• [BRIEF]:
Across the entries below, count the lines in which the word "forest" occurs. Reply with the count alone.

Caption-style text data
=-=-=

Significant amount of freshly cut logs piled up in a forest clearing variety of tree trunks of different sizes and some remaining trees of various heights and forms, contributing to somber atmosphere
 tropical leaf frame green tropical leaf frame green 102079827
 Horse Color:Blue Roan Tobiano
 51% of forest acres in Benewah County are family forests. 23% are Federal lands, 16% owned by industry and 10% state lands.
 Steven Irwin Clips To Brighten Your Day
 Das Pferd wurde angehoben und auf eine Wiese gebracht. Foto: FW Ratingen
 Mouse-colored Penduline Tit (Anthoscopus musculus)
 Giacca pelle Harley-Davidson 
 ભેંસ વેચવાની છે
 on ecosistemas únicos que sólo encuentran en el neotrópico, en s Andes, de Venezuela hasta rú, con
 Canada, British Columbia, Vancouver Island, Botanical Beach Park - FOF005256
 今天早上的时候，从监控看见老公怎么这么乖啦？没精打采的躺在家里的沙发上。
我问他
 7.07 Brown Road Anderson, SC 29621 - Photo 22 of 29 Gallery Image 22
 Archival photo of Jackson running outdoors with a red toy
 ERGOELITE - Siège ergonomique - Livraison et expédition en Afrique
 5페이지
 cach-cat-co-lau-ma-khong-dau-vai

=-=-=

• [SOLUTION TO THIS EXERCISE]:
2